While we confess that that is exactly what those sins deserve – and while we dare not play games of chance with the compassion of God – what is above all the thing we want to treasure and cherish as we see Jesus hanging on the cross on the hill called The Skull is that when he said, “Father, forgive them,” he is at one and the same time answering my prayer and my plea, “Father forgive me,” something that you and I confess is a gracious forgiving of me because it is something that I have done absolutely nothing to cause him to do. It is only something I can say “Thank You” to him for that he did.

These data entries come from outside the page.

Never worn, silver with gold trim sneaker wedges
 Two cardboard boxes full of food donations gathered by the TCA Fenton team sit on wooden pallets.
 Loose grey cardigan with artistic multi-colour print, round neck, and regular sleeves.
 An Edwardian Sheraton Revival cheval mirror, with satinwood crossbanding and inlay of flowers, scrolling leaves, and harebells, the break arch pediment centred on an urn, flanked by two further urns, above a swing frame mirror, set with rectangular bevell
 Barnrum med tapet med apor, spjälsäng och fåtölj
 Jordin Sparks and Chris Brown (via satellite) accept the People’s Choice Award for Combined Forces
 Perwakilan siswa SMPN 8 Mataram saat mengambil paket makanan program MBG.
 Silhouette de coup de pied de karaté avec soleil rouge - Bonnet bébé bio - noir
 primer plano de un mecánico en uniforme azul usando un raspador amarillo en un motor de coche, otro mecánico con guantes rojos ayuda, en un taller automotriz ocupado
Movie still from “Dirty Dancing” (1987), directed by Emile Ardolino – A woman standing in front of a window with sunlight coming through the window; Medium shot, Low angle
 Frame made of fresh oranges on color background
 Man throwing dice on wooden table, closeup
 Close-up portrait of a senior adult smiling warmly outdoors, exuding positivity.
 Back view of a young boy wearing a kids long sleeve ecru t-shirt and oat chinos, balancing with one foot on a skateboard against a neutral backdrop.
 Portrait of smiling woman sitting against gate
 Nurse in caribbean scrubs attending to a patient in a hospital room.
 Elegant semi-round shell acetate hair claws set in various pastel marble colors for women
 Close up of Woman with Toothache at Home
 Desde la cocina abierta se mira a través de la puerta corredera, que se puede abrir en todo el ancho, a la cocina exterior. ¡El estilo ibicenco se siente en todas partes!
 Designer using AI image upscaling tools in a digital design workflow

And it is also something that leads me to want to say in thankful love about everybody else in my life, “Father, forgive them, for they don’t know what they are doing.” That person who does not like me, “Father, forgive them.” That person who has lied about me, “Father, Forgive them.” That person who took that from me, “Father, forgive them.” That person who makes life rough for me almost every day, “Father, forgive them.” That person who doesn’t seem to care whether I forgive them or not, “Father, forgive them.” And since that is so hard for any of us to say and to do, our Lord in his love encourages all of us to keep filling ourselves with the forgiveness which Jesus won for us when he was on that cross and spoke those words of forgiveness, because what Jesus did by actually dying after speaking all those seven words on the cross was making it clear that nothing we have ever done will ever cause his heavenly Father not to forgive us.
There alone is the comfort and the strength and the motivation to go about our lives not in the misery of revenge but in the freedom of grace and to make it clear that nothing anyone could ever do to us could keep us from forgiving them, either. It is not excusing their sins; it does not mean that there may not be an earthly consequence of their sins; it does not mean that we have to let them sin against us again and again. What it does mean is that an attitude of forgiveness is bigger than that, because God’s love in Christ is bigger than that – for them – and for us. And if there is someone who in unbelief continues to not care about hurting us or being forgiven by us, then we pray that they will get out of their misery by remembering that God cares for them and wants them to know he truly has forgiven them, just like he has done for us. That’s the whole reason why Jesus was on the hill called The Skull, lifted up on that cross above by the soldiers below.
Those soldiers of all things and in all places were casting lots on Calvary. In everything we do and in every place we go, remember that there is not a chance in the world that your Lord has not forgiven you. “Father, forgive them” means that Jesus has forgiven me. Amen.